これは中国から完全帰国する2年前くらいに祖母から言われた言葉。
今思えば最も俺の事を一番理解してくれてるのは祖母だったのかもな、と思う。

2008年に俺に会いに上海に来てくれたのが最後の海外旅行だったそうな。
もう1回くらい上海蟹一緒に食べても良かったな。。
あの時は森ビルの展望台上がってあまりの高さに驚いて腰抜かさせてしまってごめんね。
あと、もっと遡って2000年に北京を一緒に観光した時、気温40度の夏の天安門広場を長々と歩かせてごめんね。その後凍って瓶から出て来ない燕京啤酒頼んじまってゴメンよ。

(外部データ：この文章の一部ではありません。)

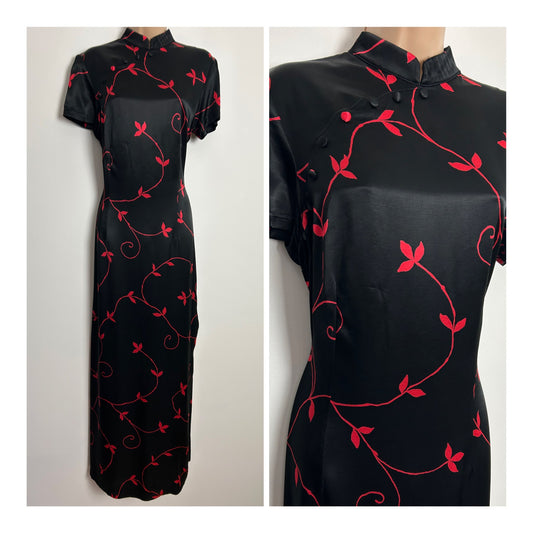 Vintage 90s Y2K UK Size 12 Black & Red Leaf Print Silky Feel Cheongsam Style Maxi Dress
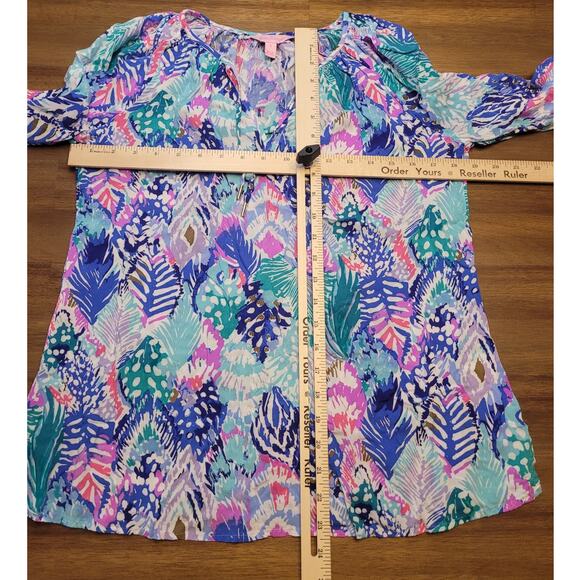 Lilly Pulitzer Willa Top Gold Metallic Quill Out Blouse Small - Picture 8 of 12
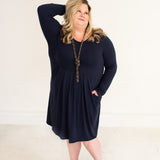 Navy L/S Pleated Dress with Side Pockets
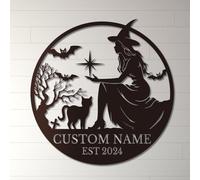 Personalized Witch Metal Wall Art - Custom Moon & Spellbook Decor - Gothic Gift for Witches, Halloween & Mystical Home Decor (Style-3)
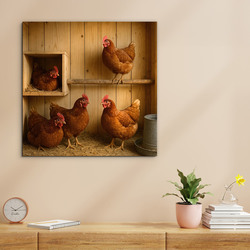Rural picture for the kitchen - Chickens in the henhouse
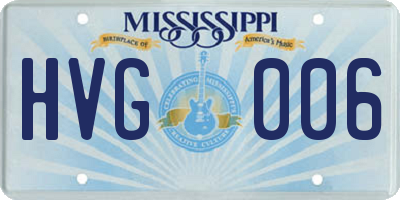 MS license plate HVG006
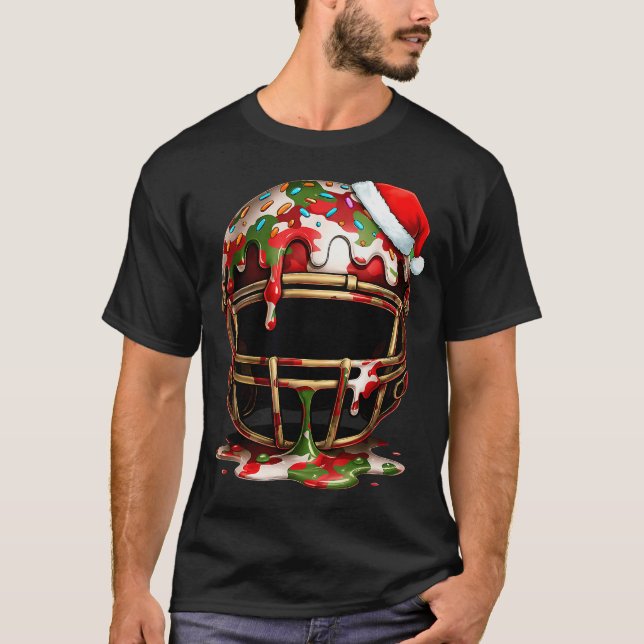 Christmas Football Drip Boys Ice Cream Drip Camo S T-Shirt (Front)
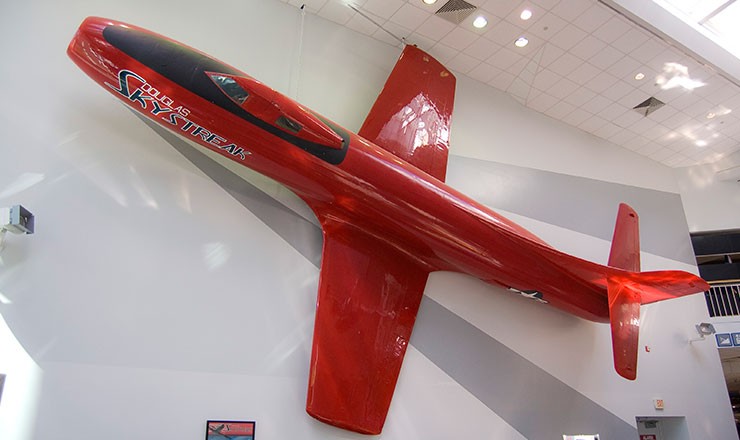 Photo of the museum's D-558-1 Skystreak in display.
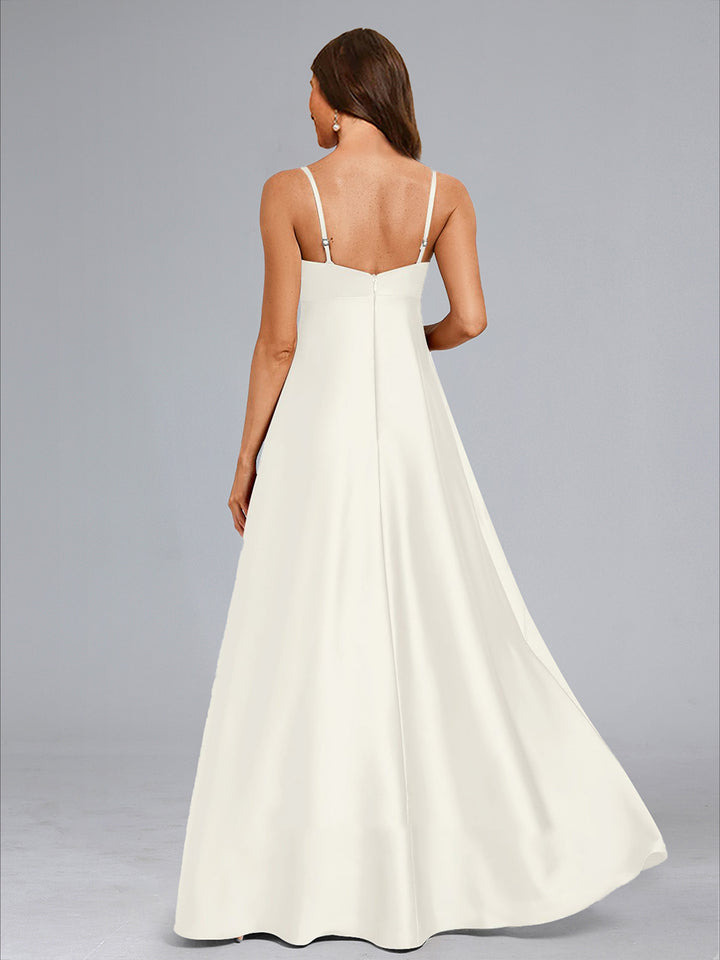 A-Line Cowl Spaghetti Straps Long Wedding Minimalist Maternity Wedding Dresses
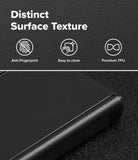 Galaxy Z Fold 8 Case | Onyx Flap - Close-up of a black textured phone case with a raised edge, shown below marketing text that reads 'Distinct Surface Texture' with icons for anti-fingerprint, easy to clean, and premium TPU.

またみなとみらいのイタリアンでワインを飲んだり、伊勢佐木町の映画館で映画を見たり、鶴見のキリンビール工場で出来たてのビールを一緒に飲みに行きたいな。

まぁ、俺はいつでも行けるように待ってるよ。

つづく

>>祖母が意識不明状態になったのが2019年2月。
俺の腎臓が悪化し、入院、透析、手術と言った一連の騒動があったのが、2019年7月から2020年3月。
俺の事を大好きだった祖母がこの件を知らぬまま眠り続けていたのはある意味良かったのかもしれない。
もし、意識があってこの件に触れ合っていたらショックとストレスで身体を悪くしていたかもしれない。

そんな俺の感傷を他所に、この一週間後の3月16日午前11:00、祖母は永眠した。